Capesizes climbed by a quarter last week and continued to improve today with the Baltic Capesize Index hitting its highest point since the start of December last year.
Magnus Fyhr of GMP notes capes are now 300% above their low point of $5,000 per day in April 2015 with rates moving from opex break-even to cash break-even.
Fyhr said in a report the dry cargo shares he follows rose 23.8% last week as investors responded to the rising rate environment.
Seanergy was the largest climber, with Paragon, Star Bulk, DryShips and Golden Ocean all gaining momentum.

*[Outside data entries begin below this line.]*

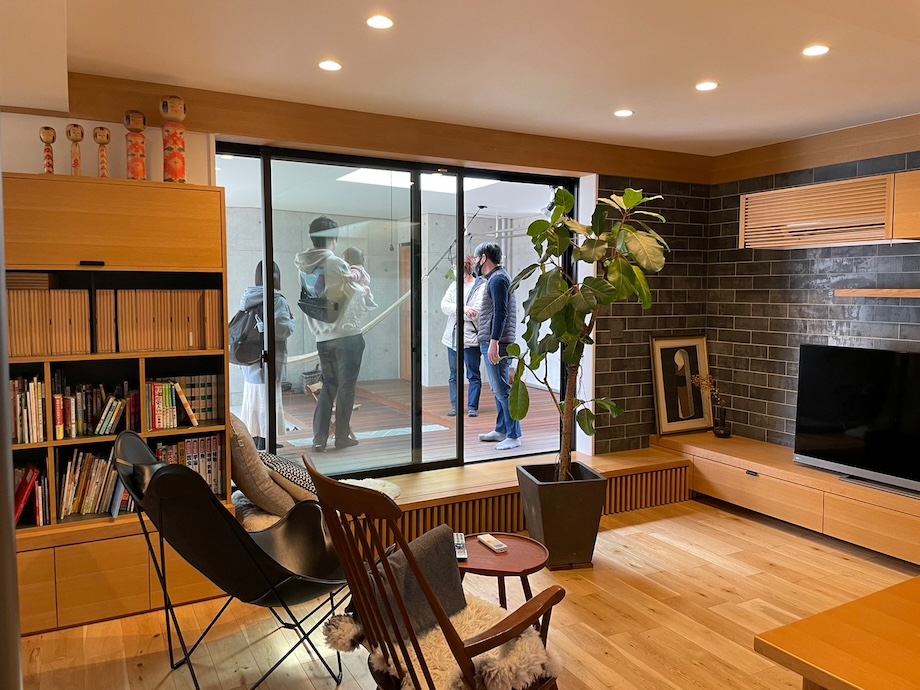 モデルハウス見学風景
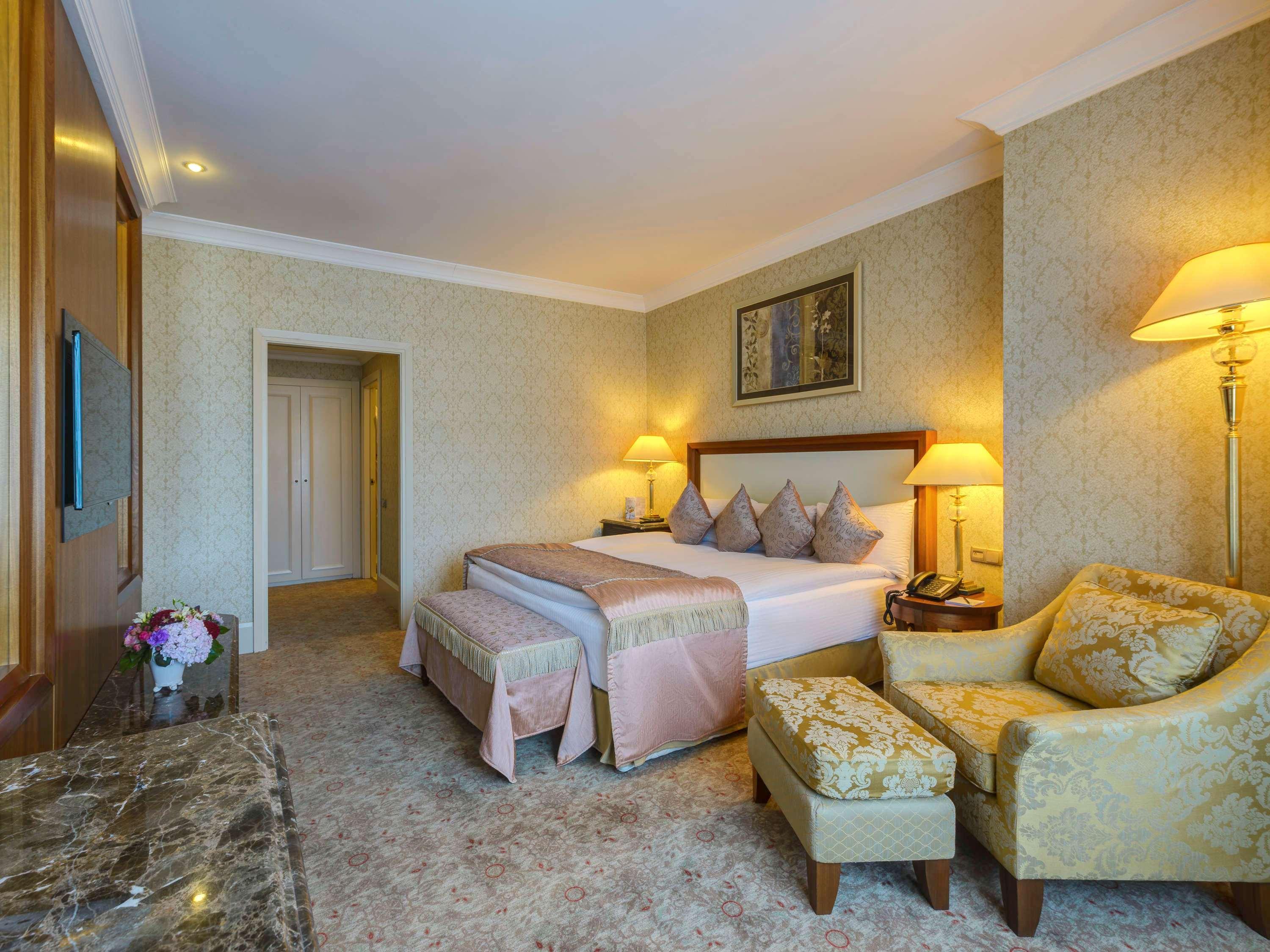 Rixos President Hotel Astana Buitenkant foto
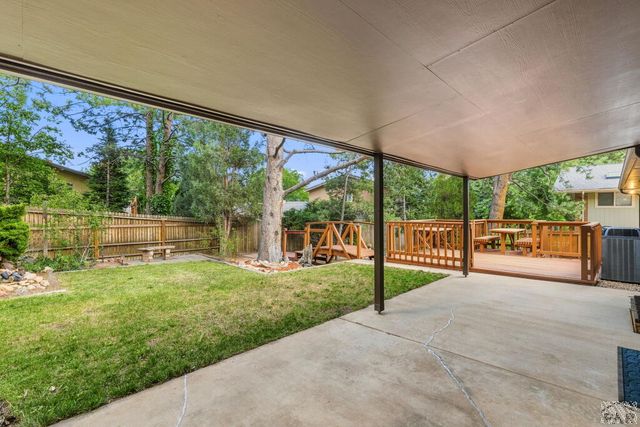 120 Clubridge Pl, Colorado Springs, CO 80906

Monday saw the Baltic Dry Index spend a third session above 1,000 points, with the market at the highest seen since the first week of December last year.
Amit Mehrotra of Deutsche Bank says the improvement in the Baltic Dry Index in the past couple of weeks follows a seasonal pattern, aided by strong South American grain volumes and limited capacity growth.
However, the analyst believes the rally has mixed implications.
“On the positive side spot rates are now above opex breakeven levels and fast-approaching all-in cash breakeven which includes debt service and debt repayment,” Mehrotra wrote in a note to clients.
“This development will help significantly reduce the cash burden of all dry bulk shippers, and should stabilize asset values which will provide add’l breathing room for companies with large newbuilding acquisition programs.
“On the negative side it may delay, or erase altogether, a more pronounced recovery in 2017, as the current improved rate environment disincentivises additional scrappage.”